7LendKey : If you refinance over $150,000 through this website, $500 of the above cash incentives will be provided directly by Student Loan Planner. The above price range includes an additional 0.25% discount for automatic payment.

This source has been very much helpful in doing our research. Read more about physician assistant loan forgiveness covid and let us know what you think.
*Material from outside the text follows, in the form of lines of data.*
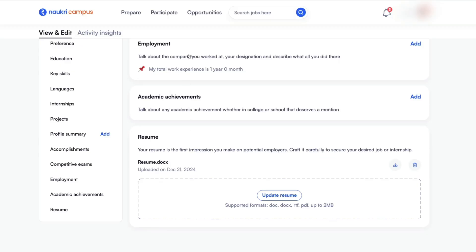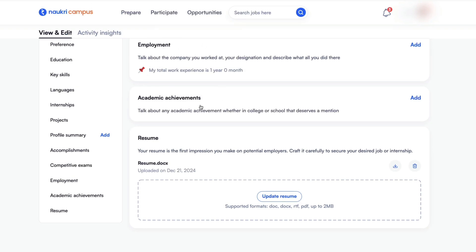The employment details were deleted and the Nowcree logo also changed to Nowcree Campus because there is no work experience. If you have any work experience then your profile will show as Nowcree, otherwise it will be shown as Nowcree Campus.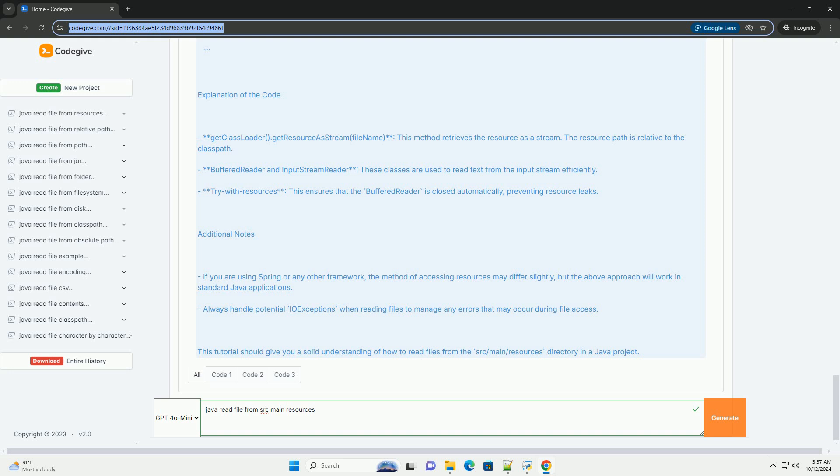Additional Notes: If you are using Spring or any other framework, the method of accessing resources may differ slightly, but the above approach will work in standard Java applications. Always handle potential I.O. exceptions when reading files to manage any errors that may occur during file access.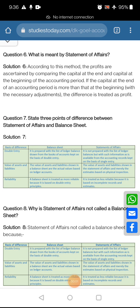Hello everyone, how are you all? I hope you all are good. Students, in our last class we discussed about the 5 questions of chapter number 23, Incomplete Records.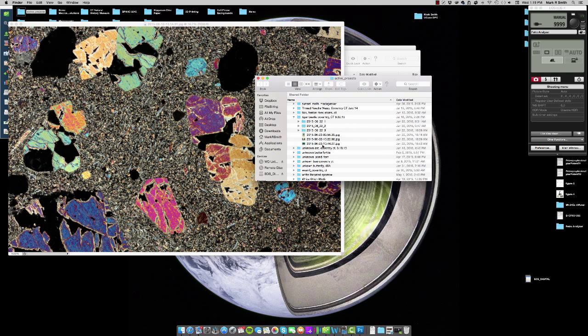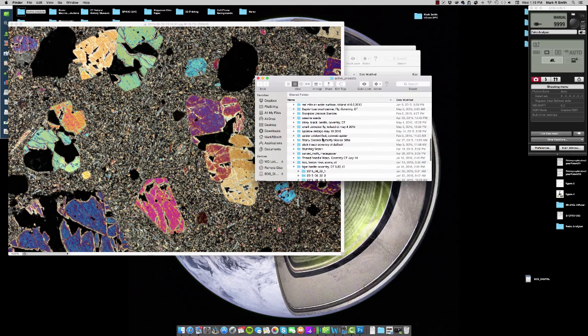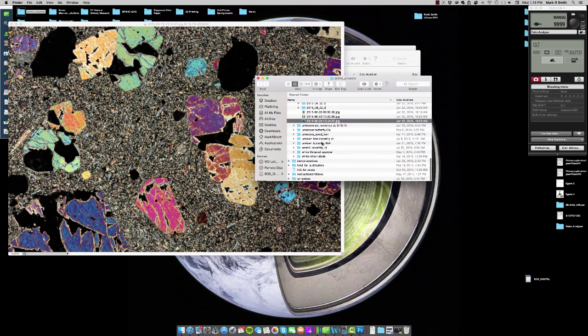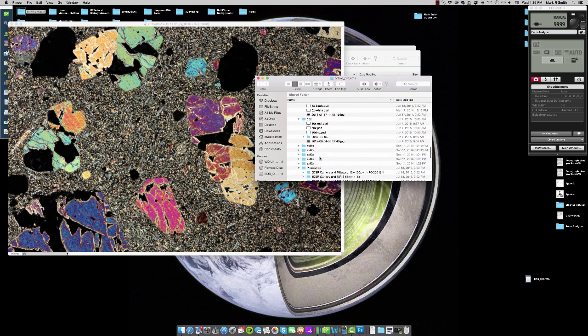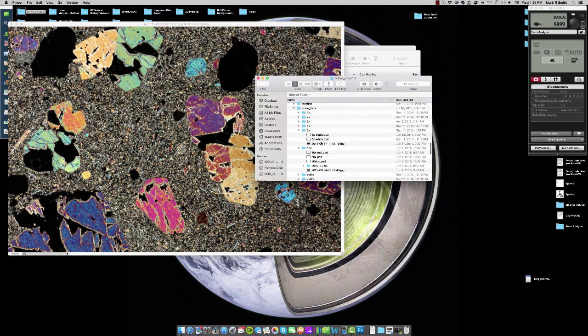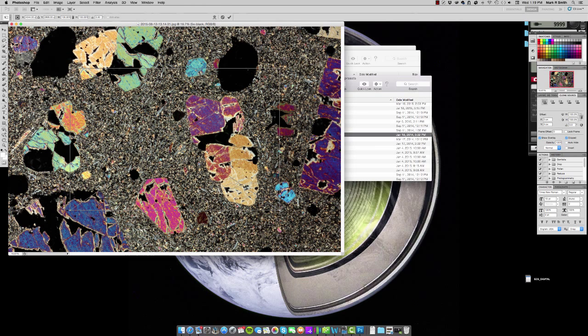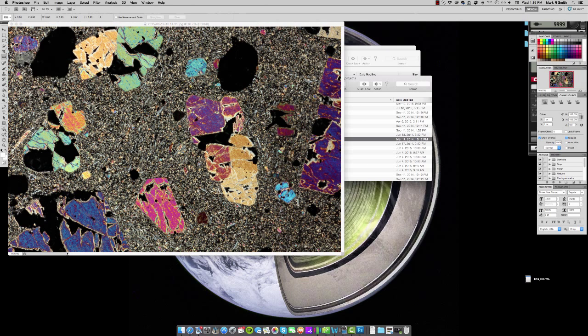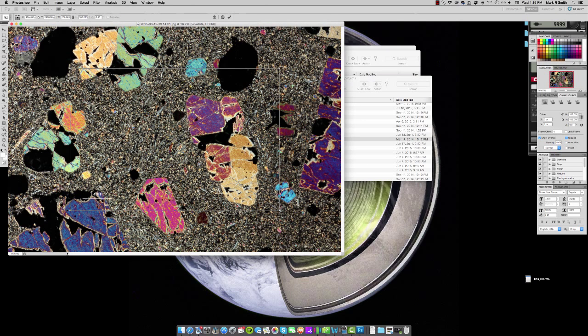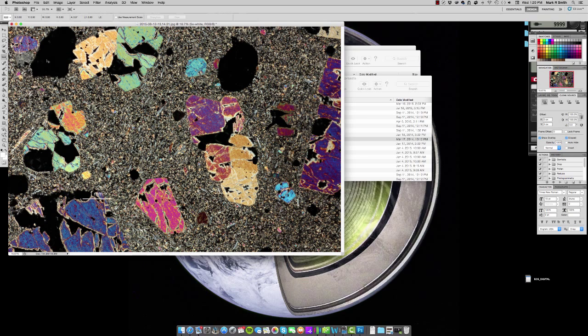So I've also got these preset scale bars that I've gone ahead and made that are formatted to the particular lens that we're using which is a MPE 65 1-5X. These are also available on our website under the download section if you do or are using this lens.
Frequently Asked Questions

How can I pay off my PA school debt?

If you recently graduated from a physician assistant program, you may be looking for ways to pay off your PA school debt. The average debt for a graduate is between $138,000 and $150,000, according to the . While that might seem overwhelming, there are some steps you can take to reduce your overall loan burden. Our student loans are the single largest debt most of us will ever have to pay off. While it may seem overwhelming to try to pay off a debt of this size, you can get help. There are many options out there, from loan forgiveness programs to changing repayment plans. The only thing you need to do is figure out which ones will work well for you, and take action.

How do I pay back my physician assistant loan?

Loan repayment is one of the most common questions asked by students who graduate from physician assistant programs. PAs have a lot of debt to pay back, since their debt average far surpasses the national average. The average student debt for graduates of physician assistant programs is $186,100. Since the physician assistant profession is not one that most people can jump into right after college, it is likely that you will have to get a job or internship and save up before you can even begin to think about paying back your PA loan.

Physician assistant loan repayment jobs are growing at a fever pitch. According to the Bureau of Labor Statistics, the number of physician assistant loan repayment jobs is expected to increase by more than 30% from 2010 to 2020. Let’s explore why you might want to learn more about this career and how you can get started.

How long does Physician Assistant take to pay off student loans?

The Physician Assistant Loan Repayment Program (or the “PA Loan Repayment Program” for short) is a program that aims to encourage you to work as a physician assistant (PA) in an area that is designated as a Health Professional Shortage Area (HPSA). It does this by offering you up to $50,000 in loan repayment over a three-year period. In the US, the median salary for a Physician Assistant is $101,000. The reason behind this high income is the high demand for Physician Assistants.

This high demand is caused by the high population of the aging population in the US. The aging population is accelerating the growth of the need for healthcare services. This makes Physician Assistants one of the most important health care professions in the country today. However, the high income you make as a Physician Assistant is not the only benefit you get from the profession. As a Physician Assistant, you get to work on the cutting edge of medicine and make a difference in the lives of your patients.